The line that holds "vidaXL gultas rāmis" marks the start. Return it and each following line through the end of the data, unchanged.

Data section section start

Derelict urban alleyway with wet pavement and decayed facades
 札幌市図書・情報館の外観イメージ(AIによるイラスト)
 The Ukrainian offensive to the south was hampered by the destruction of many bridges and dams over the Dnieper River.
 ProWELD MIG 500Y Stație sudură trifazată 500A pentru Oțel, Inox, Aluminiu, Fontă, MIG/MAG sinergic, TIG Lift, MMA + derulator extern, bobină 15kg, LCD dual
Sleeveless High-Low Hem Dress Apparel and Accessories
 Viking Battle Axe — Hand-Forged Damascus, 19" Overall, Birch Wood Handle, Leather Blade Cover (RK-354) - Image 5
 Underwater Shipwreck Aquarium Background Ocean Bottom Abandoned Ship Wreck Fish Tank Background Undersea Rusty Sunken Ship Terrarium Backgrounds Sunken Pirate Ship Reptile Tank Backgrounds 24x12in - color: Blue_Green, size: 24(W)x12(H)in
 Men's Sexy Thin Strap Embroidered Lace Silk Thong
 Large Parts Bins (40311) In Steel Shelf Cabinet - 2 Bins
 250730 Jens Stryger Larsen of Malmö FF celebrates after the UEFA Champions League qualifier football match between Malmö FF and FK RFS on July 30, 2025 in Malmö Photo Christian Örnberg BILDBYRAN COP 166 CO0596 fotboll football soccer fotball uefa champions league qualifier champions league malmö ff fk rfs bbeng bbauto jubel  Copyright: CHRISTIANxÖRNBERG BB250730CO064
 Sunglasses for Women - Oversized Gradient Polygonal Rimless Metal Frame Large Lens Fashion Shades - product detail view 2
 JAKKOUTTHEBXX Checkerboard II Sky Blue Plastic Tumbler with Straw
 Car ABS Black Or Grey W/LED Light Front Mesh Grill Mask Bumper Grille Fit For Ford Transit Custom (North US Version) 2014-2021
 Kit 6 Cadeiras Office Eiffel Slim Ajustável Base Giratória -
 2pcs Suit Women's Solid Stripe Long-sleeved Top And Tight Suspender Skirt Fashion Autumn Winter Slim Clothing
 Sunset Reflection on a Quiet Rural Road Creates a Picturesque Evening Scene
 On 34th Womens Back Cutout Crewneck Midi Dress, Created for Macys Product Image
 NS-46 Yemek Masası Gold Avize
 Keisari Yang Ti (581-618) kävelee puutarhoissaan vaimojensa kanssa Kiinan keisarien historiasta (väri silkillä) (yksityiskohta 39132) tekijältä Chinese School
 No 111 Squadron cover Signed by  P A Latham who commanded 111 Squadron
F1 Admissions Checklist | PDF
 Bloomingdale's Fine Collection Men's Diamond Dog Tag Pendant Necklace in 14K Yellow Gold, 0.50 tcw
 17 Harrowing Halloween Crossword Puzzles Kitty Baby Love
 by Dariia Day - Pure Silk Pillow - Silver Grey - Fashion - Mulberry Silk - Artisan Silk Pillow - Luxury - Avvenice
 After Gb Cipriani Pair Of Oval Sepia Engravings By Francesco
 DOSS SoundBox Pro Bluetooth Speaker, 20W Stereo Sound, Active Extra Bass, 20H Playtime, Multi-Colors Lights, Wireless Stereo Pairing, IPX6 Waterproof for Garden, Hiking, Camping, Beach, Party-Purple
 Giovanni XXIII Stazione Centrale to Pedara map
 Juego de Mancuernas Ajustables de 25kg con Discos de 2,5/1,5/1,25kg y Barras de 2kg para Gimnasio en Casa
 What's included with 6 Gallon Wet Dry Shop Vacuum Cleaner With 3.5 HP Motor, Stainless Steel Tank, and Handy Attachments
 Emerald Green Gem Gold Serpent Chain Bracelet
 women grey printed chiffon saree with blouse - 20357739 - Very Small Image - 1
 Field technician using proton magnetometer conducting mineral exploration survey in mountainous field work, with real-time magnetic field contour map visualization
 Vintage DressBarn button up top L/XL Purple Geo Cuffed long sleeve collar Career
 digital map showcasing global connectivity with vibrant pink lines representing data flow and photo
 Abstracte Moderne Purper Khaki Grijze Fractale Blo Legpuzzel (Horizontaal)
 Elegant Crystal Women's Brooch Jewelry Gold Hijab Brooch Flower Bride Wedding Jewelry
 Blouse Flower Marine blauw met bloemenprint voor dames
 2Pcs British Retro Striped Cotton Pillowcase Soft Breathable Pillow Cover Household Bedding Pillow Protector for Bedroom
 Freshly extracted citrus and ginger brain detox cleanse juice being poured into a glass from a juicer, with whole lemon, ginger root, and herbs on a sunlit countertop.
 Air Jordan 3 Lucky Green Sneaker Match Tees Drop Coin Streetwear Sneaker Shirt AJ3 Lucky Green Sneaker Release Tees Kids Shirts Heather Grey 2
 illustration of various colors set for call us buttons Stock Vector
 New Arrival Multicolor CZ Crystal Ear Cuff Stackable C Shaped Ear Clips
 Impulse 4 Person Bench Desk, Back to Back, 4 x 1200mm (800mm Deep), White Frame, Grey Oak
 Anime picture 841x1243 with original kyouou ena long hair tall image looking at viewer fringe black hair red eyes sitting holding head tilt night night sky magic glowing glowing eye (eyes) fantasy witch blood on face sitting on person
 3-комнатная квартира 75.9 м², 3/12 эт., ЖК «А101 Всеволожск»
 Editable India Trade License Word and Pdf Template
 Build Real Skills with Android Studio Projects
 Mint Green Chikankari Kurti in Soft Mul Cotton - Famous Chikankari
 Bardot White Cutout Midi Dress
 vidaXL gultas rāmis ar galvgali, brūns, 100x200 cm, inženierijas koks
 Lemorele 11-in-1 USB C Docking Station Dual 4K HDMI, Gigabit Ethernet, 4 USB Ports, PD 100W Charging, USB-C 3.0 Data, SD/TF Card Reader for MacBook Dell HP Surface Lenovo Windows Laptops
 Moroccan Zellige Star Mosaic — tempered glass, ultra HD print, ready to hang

Data section section end

Answer to this exercise:
 vidaXL gultas rāmis ar galvgali, brūns, 100x200 cm, inženierijas koks
 Lemorele 11-in-1 USB C Docking Station Dual 4K HDMI, Gigabit Ethernet, 4 USB Ports, PD 100W Charging, USB-C 3.0 Data, SD/TF Card Reader for MacBook Dell HP Surface Lenovo Windows Laptops
 Moroccan Zellige Star Mosaic — tempered glass, ultra HD print, ready to hang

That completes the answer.